Quero restaurar o bater cardíaco normal.

VIAGEM

«O viajante entra na estalagem... Chiam os pardais no olmo da praça, diante da varanda aberta de vasos de sardinheiras, e um canário amarelo canta na sua gaiola, eriçando as penazitas da garganta. Um gato dorme ao sol, dentro do quarto, no canto da pequena esteira de esparto e uma criança pequena mija gloriosamente, desafiadoramente, da varanda.»
(Camilo José Cela, in Vagabundo ao Serviço de Espanha).

Com a simplicidade da narrativa de Cela, também haverei de narrar no meu sonho, a minha viagem. Está decidido. Fiz as malas. É um dizer, porque malas, neste sonho, não as tenho. Mesmo que as tivesse, deixá-las-ia sempre no seu lugar, ao pó invisível do alto do guarda-fato que é um outro dizer, também.
Mas façamos de conta que as fiz.
Arrumei-as na memória e parti. Já iam palmilhadas as léguas iniciais quando, impelido por uma irresistível vontade, olhei para trás.
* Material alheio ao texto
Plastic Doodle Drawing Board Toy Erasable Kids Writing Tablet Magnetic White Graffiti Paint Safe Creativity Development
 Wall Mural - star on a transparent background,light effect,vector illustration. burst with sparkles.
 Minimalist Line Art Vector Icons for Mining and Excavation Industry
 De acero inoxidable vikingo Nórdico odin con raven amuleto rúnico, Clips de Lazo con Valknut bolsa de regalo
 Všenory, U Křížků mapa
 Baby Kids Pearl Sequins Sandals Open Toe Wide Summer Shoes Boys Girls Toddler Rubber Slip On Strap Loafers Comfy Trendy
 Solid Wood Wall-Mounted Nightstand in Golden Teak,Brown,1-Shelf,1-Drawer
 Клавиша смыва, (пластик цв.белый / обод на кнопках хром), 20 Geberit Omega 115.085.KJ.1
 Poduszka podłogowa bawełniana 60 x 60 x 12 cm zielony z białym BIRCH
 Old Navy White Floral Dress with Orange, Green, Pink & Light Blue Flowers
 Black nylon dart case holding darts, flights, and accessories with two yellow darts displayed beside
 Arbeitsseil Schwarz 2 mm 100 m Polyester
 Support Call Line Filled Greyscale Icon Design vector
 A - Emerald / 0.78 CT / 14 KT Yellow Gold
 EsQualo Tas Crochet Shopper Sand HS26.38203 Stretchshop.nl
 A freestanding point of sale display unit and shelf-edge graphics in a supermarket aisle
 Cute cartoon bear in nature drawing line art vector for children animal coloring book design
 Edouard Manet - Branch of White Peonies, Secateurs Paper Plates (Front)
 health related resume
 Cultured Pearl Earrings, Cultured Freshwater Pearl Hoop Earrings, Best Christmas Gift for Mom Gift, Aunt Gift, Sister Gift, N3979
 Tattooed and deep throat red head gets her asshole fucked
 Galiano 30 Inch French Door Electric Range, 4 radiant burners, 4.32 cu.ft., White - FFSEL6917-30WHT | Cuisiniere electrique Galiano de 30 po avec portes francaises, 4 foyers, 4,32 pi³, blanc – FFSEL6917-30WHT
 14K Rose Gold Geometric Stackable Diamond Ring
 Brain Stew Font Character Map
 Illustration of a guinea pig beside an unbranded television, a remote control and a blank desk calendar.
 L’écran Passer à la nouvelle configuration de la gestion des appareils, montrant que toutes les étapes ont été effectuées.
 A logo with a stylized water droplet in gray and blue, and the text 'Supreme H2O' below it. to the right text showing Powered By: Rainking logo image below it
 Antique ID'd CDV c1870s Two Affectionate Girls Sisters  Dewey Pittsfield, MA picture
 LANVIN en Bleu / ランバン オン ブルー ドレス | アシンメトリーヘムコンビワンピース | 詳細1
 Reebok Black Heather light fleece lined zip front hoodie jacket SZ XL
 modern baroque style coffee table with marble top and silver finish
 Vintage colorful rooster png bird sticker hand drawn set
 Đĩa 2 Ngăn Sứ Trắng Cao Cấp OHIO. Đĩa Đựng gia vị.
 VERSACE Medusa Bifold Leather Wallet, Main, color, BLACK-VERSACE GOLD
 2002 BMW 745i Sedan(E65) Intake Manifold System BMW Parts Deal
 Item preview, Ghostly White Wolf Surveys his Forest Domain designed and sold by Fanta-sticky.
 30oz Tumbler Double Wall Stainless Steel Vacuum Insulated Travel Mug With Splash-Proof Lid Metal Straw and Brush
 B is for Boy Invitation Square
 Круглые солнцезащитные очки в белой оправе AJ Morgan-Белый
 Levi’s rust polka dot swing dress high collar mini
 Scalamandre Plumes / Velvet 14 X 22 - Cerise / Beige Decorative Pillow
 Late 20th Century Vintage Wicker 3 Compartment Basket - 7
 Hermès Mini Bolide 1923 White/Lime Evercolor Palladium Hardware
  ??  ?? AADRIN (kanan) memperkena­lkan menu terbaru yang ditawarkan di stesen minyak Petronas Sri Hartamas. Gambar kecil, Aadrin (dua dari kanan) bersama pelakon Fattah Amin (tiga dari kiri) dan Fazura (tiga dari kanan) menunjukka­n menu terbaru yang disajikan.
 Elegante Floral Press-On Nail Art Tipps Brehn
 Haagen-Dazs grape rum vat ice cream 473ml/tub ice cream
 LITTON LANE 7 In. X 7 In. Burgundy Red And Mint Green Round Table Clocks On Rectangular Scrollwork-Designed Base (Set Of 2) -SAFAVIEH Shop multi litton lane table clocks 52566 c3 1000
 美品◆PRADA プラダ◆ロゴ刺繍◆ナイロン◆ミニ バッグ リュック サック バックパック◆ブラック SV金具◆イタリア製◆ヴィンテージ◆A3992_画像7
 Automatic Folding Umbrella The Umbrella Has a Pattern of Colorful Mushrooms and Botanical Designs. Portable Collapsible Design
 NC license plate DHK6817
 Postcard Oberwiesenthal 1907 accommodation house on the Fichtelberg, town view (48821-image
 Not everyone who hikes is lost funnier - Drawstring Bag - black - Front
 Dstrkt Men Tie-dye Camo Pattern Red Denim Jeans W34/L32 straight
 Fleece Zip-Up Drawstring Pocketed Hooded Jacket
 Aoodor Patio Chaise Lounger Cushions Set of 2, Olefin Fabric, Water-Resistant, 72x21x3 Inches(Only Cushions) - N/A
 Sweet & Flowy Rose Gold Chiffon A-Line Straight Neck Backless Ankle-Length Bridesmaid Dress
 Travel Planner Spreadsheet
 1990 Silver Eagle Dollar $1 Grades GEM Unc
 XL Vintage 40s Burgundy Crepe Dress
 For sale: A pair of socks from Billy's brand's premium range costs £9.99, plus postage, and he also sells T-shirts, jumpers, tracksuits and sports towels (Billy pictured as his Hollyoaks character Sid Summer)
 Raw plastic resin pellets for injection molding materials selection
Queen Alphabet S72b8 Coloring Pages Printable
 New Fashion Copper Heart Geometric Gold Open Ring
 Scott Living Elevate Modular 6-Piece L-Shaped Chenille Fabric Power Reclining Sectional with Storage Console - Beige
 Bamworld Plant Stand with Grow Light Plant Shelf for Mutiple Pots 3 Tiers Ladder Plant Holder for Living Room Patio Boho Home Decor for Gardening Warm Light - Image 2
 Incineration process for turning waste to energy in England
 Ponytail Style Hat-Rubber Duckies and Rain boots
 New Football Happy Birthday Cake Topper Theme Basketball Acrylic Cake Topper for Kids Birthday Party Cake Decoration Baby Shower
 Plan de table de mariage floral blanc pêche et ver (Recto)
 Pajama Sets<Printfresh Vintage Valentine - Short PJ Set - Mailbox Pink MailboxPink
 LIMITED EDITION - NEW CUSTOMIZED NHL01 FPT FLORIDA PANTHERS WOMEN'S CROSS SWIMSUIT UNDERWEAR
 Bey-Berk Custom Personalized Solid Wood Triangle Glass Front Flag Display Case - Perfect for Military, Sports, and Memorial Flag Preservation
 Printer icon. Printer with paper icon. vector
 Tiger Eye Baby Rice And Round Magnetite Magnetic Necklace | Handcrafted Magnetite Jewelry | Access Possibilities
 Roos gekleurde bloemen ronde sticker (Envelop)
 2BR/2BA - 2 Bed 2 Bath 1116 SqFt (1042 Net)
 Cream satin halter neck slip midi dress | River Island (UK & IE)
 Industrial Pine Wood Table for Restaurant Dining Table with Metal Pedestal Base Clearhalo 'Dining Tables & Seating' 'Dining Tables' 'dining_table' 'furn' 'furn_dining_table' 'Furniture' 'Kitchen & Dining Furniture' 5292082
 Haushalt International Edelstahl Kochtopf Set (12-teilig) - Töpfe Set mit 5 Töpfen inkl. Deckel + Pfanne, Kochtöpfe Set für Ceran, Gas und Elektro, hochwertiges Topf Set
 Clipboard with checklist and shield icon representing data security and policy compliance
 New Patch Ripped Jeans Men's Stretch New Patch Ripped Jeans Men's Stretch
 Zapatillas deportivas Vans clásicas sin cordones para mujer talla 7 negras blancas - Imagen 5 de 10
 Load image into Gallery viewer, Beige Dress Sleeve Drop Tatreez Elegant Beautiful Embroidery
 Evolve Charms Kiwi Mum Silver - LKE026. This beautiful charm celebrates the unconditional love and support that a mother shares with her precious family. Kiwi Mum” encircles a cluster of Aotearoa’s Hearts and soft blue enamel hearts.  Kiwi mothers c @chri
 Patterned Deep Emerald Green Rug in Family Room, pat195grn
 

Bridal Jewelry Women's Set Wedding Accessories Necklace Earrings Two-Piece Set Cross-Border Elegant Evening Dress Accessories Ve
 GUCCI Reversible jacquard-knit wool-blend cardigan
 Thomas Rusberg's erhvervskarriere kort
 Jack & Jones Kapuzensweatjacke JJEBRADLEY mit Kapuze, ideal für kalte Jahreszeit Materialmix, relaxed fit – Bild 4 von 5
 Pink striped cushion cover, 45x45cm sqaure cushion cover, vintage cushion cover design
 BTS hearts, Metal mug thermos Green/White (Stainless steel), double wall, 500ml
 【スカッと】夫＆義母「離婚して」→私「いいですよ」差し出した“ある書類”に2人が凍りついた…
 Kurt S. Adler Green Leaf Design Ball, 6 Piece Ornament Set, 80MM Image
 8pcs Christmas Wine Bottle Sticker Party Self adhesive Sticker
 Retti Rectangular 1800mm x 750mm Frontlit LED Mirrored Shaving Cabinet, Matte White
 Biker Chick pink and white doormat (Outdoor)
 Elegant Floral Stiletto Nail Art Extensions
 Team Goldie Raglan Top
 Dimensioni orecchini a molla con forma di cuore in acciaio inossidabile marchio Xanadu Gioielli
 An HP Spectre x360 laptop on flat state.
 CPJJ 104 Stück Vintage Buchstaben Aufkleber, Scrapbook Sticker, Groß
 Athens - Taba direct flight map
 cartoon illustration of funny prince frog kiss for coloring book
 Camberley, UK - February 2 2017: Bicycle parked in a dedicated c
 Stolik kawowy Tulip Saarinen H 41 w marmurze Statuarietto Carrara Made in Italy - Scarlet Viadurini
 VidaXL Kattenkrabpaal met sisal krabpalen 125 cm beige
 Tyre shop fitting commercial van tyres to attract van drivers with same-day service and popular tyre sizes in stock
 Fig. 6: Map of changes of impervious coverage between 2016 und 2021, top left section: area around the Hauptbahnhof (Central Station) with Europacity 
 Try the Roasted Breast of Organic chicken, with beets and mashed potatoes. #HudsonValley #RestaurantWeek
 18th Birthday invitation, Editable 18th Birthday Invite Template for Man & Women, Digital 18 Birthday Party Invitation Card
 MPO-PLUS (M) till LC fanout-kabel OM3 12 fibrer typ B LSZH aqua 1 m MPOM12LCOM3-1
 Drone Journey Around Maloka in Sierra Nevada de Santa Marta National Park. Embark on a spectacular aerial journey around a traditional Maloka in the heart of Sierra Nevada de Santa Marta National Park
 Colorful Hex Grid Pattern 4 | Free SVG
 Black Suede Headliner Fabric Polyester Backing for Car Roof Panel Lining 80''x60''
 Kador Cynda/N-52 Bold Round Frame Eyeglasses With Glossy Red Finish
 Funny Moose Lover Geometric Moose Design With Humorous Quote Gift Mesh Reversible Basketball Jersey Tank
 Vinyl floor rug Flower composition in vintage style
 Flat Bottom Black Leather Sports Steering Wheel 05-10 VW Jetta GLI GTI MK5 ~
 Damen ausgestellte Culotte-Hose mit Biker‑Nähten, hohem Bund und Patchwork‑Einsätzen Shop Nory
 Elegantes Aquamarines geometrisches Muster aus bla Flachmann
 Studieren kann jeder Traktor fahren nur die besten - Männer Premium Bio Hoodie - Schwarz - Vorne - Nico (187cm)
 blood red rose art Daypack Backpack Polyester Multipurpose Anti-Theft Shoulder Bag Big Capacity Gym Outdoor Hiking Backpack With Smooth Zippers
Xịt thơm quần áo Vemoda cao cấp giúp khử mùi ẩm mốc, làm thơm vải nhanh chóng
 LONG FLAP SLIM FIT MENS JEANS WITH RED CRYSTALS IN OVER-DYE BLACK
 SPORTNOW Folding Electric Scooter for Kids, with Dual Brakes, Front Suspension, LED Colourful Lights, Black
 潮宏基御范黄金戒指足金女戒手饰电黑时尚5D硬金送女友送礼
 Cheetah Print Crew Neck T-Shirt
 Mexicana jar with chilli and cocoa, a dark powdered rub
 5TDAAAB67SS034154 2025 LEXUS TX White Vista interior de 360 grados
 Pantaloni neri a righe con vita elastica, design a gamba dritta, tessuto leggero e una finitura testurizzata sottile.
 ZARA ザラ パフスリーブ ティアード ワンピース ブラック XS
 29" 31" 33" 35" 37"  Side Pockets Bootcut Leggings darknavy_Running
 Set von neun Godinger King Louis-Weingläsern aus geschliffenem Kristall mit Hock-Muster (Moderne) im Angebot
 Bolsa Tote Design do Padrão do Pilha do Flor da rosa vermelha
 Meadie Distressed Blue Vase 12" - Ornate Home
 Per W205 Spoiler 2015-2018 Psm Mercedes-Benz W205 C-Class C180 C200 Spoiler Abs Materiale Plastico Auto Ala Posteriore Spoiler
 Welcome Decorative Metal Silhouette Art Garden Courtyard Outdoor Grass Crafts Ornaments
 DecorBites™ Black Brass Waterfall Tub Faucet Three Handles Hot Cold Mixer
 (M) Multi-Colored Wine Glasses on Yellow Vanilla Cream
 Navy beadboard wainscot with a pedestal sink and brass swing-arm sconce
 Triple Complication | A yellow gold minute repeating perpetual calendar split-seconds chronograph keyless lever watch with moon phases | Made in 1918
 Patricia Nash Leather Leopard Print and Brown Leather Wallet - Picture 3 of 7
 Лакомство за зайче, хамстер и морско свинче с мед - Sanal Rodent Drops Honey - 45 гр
Lá, na grande cidade, continuava agarrado às letras, óculos no nariz, procurando deseperadamente os sinais orientadores dos rumos que insinuam as viagens. 
Mas venci a cidade. Bem desperto, aproveitei o sono e, sorrateiro, para não acordar o corpo, parti.
Que me atrai na minha viagem?
Que sei?
A arte de vagabundear em busca dos regaços que são bons para repousar o amor? 
Talvez!
Talvez na viagem encontre uma praça dos amores de mil encantos, olhares a prometer beijos de outros tempos e cantos enfeitiçados.
É disso que preciso?
É isso que me sufoca.
É neste desdobramento que viajo. Assim, posso ir até onde quiser.
E quero ir apenas a um único sítio. Até ti.
Os caminhos abrem-se à minha frente, por entre fendas, desvios e cruzamentos. Poderei discernir qual o percurso real? Até certo ponto tenho noção da minha etapa. Depois, confiarei no meu instinto, perdido, pesquisando-te na cidade grande.
Saberei o caminho do regresso? Dizem que regressar é fácil quando não se parte. Sei que farei o caminho do retorno mas ficarei a levitar na viagem, até que a cidade real me acorde com os olhos. Mas agora ainda viajo. Shiu! Não me acordem.

Nem sequer espreitem até onde me leva este meu vagabundear.